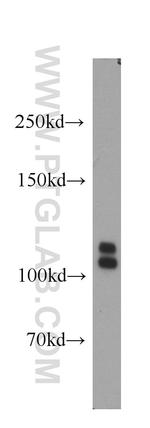 ARHGEF1 Antibody in Western Blot (WB)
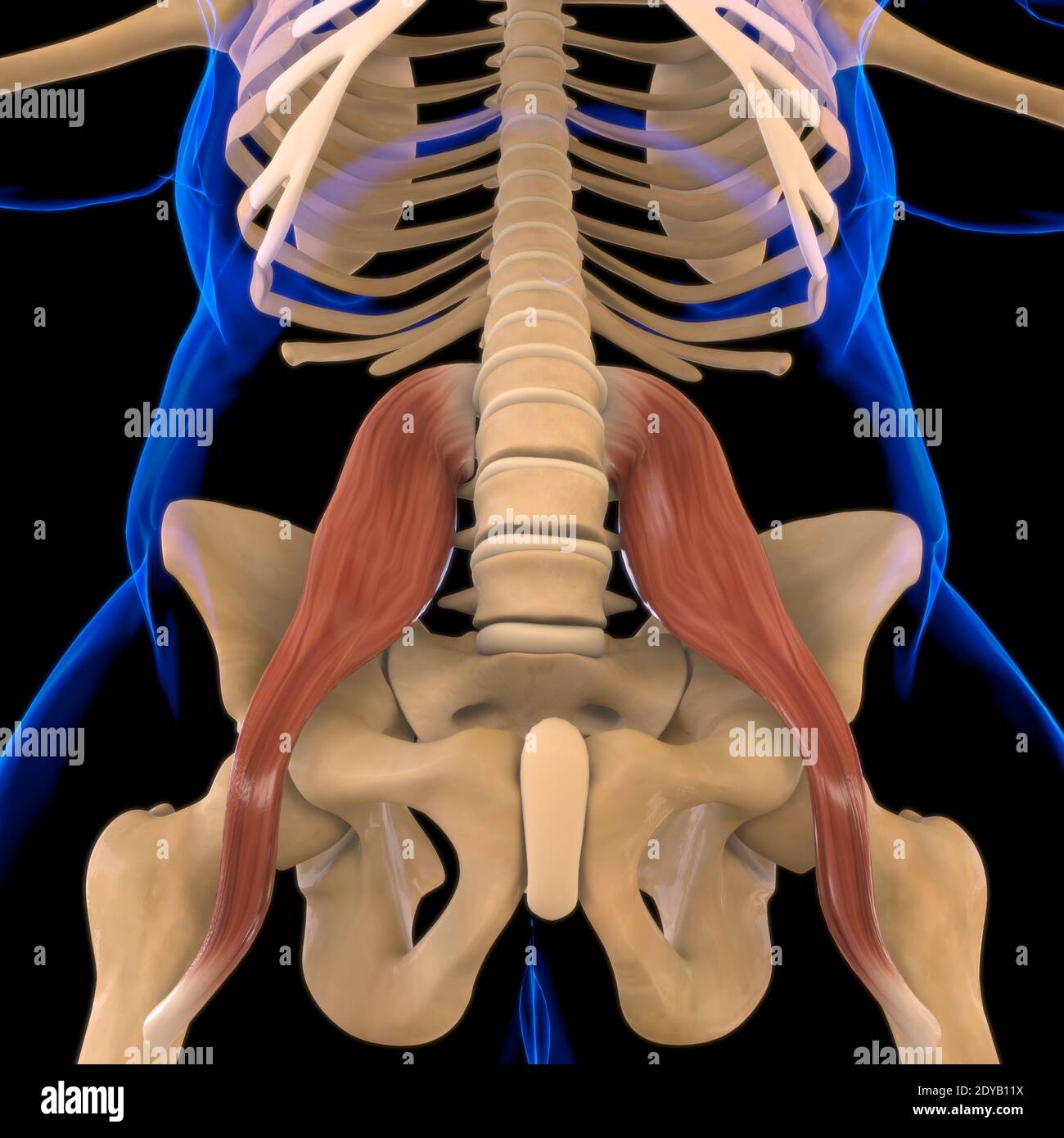 Illustrazione 3D, muscolo è un tessuto molle, le cellule muscolari contengono proteine, producendo una contrazione che cambia sia la lunghezza che la forma del ce Foto Stock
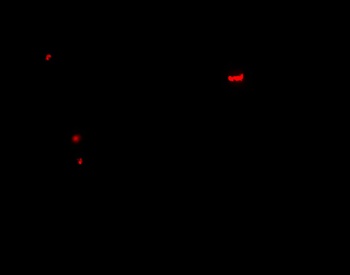 PANX1 Antibody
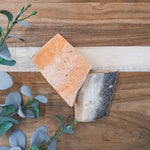 All-natural freeze-dried wild salmon for dogs, grain-free high-protein treat or topper.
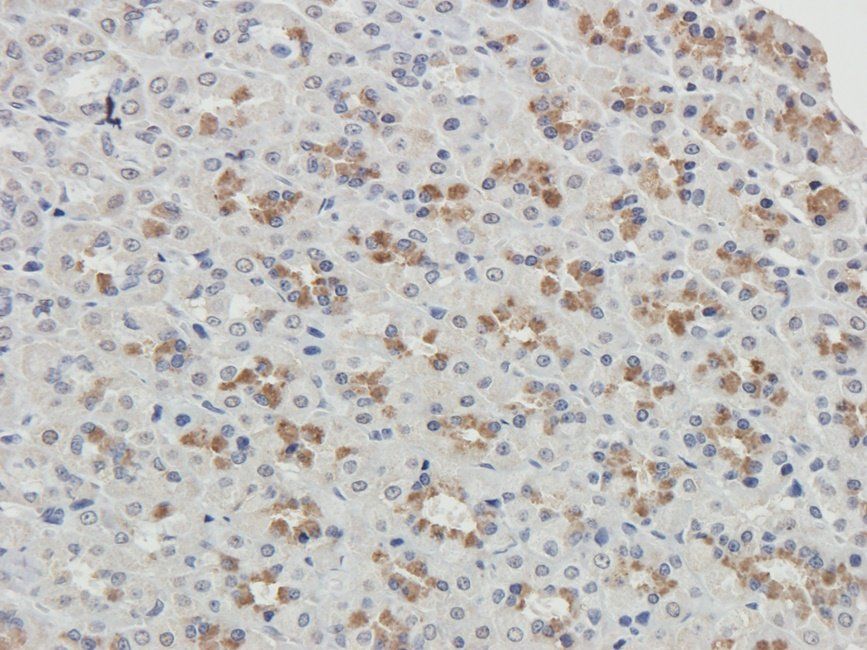 TOR1B Rabbit Polyclonal Antibody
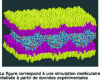 Figure 12 - Final state: surfactant sandwich enclosing a dense layer of proteins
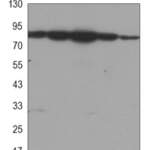 HSP90 alpha/beta monoclonal antibody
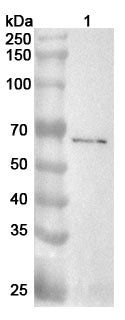 Western blot analysis was performed using anti-F2  polyclonal antibody at 1ug/mL on various samples.
Lane 1: HepG2 cell lysate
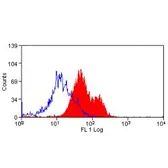 Anti-CD98 antibody [H202-529.4.1.4] used in Flow cytometry (FCM). GTX41741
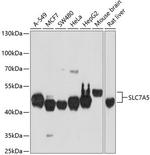 SLC7A5 Antibody in Western Blot (WB)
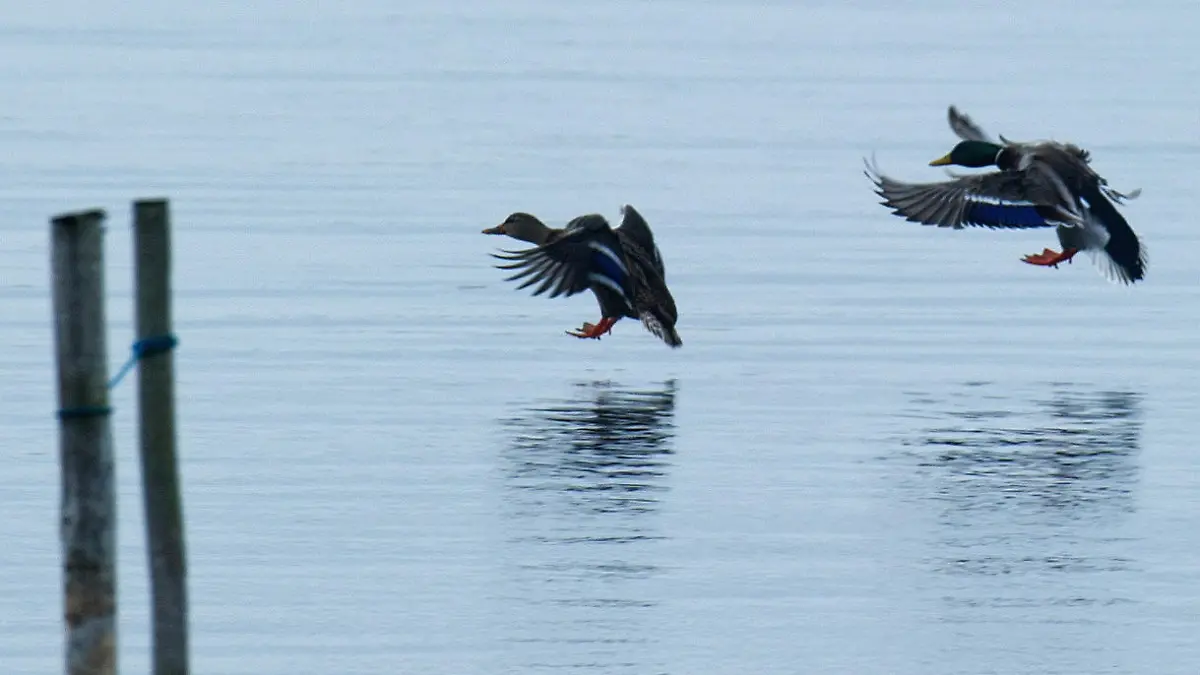 Zwei Enten landen am 23.11.2014 im Boddengewässer bei Waase (Mecklenburg-Vorpommern), einem kleinen Dorf auf der Insel Ummanz, die westlich der Ostseeinsel Rügen gelegen ist.   Erstmals in Europa ist das gefürchtete Vogelgrippe-Virus H5N8 bei einem Wildvogel nachgewiesen worden. In einem Drei-Kilometer-Umkreis um den Fundort der Krickente auf der Insel Ummanz stehen die Geflügel-Haltungen seit dem 22.11.2014 unter besonderer Beobachtung. Foto: Stefan Sauer/dpa (zu dpa "Vogelgrippe-Virus erstmals in Europa bei Wildvogel nachgewiesen" vom 23.11.2014) +++(c) dpa - Bildfunk+++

────────────────────

## PROBLEM STATEMENT:
Leave every picture out and write out exactly the lines from the line with "Lane 1: HepG2 cell lysate" through the last line of the material.

## ANSWER FOR THIS EXERCISE:
Lane 1: HepG2 cell lysate
 Anti-CD98 antibody [H202-529.4.1.4] used in Flow cytometry (FCM). GTX41741
 SLC7A5 Antibody in Western Blot (WB)
 Zwei Enten landen am 23.11.2014 im Boddengewässer bei Waase (Mecklenburg-Vorpommern), einem kleinen Dorf auf der Insel Ummanz, die westlich der Ostseeinsel Rügen gelegen ist.   Erstmals in Europa ist das gefürchtete Vogelgrippe-Virus H5N8 bei einem Wildvogel nachgewiesen worden. In einem Drei-Kilometer-Umkreis um den Fundort der Krickente auf der Insel Ummanz stehen die Geflügel-Haltungen seit dem 22.11.2014 unter besonderer Beobachtung. Foto: Stefan Sauer/dpa (zu dpa "Vogelgrippe-Virus erstmals in Europa bei Wildvogel nachgewiesen" vom 23.11.2014) +++(c) dpa - Bildfunk+++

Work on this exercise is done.